# [Directions for this task]
Apart from the images, reproduce all of the data word for word.

# [Dataset content]
-----

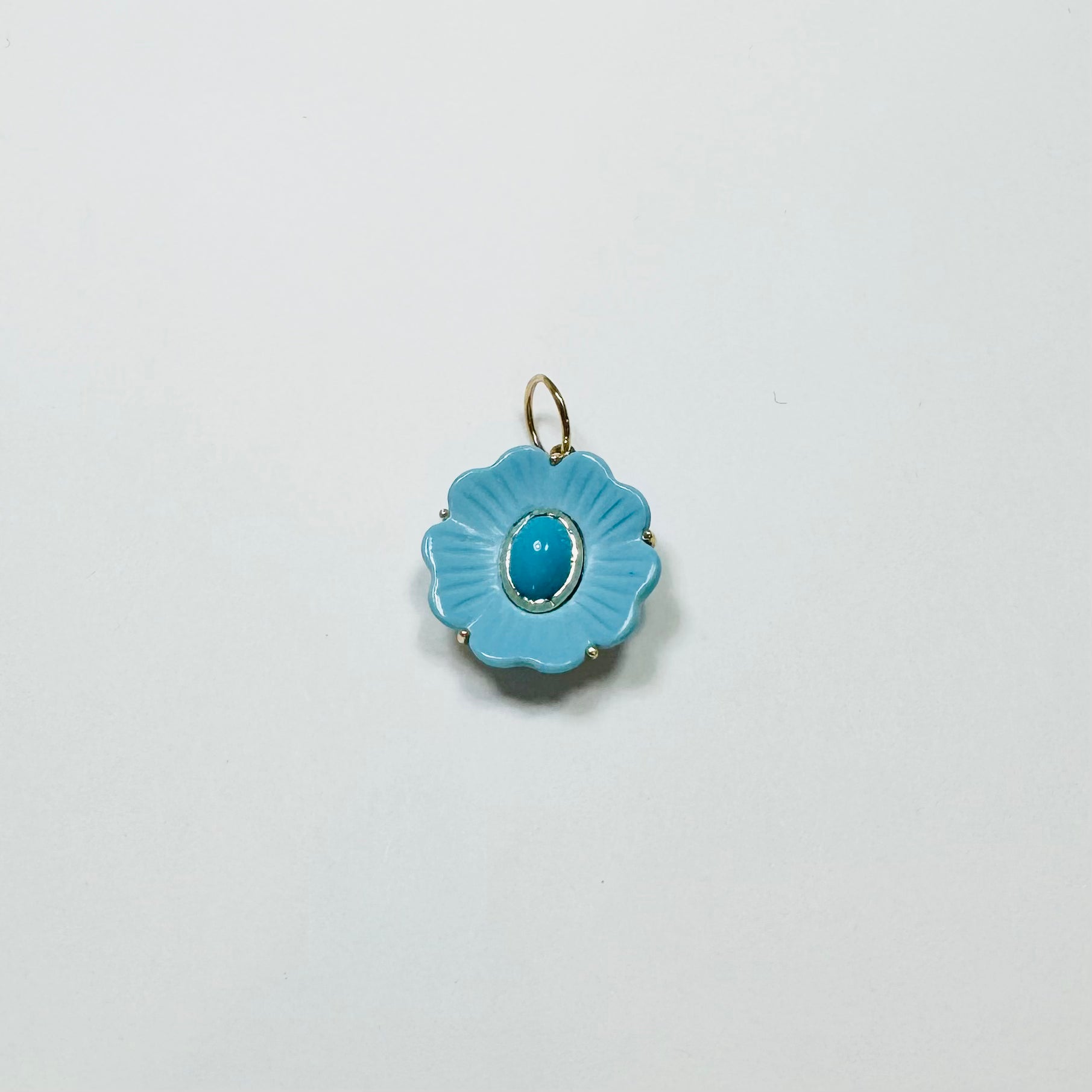 turquoise carved flower pendant, 3/4 in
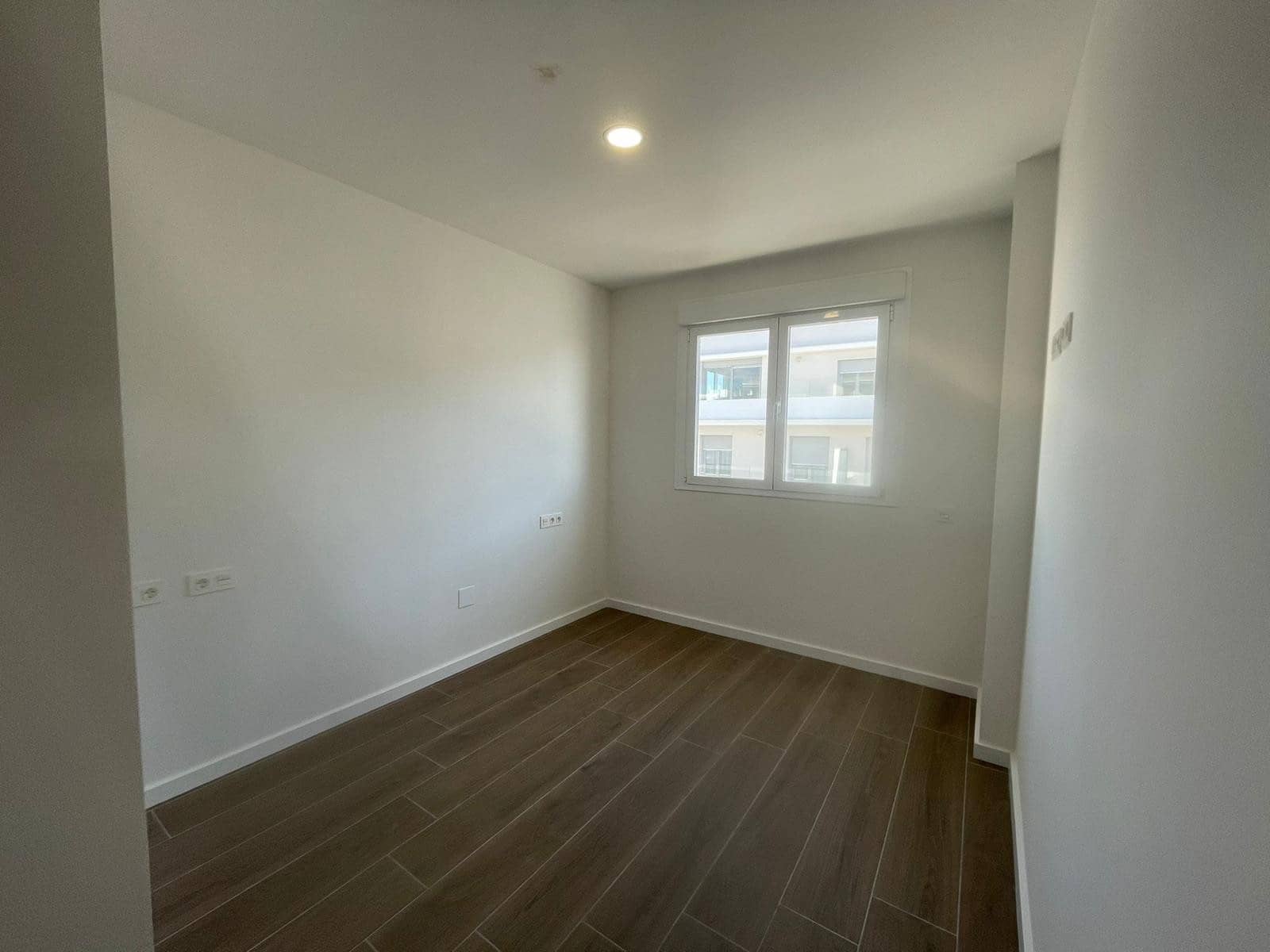 2 slaapkamer Appartement te huur in Marbella met zwembad garage - € 2.300 (Ref: 9835080)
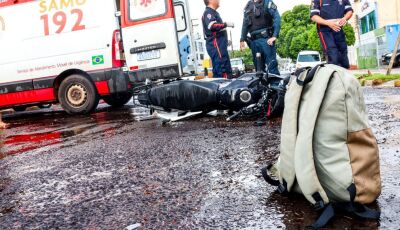 Capacete 'voa' e grávida é entubada após acidente entre carro e moto de aplicativo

-----

# [Response area]
 turquoise carved flower pendant, 3/4 in
 2 slaapkamer Appartement te huur in Marbella met zwembad garage - € 2.300 (Ref: 9835080)
 Capacete 'voa' e grávida é entubada após acidente entre carro e moto de aplicativo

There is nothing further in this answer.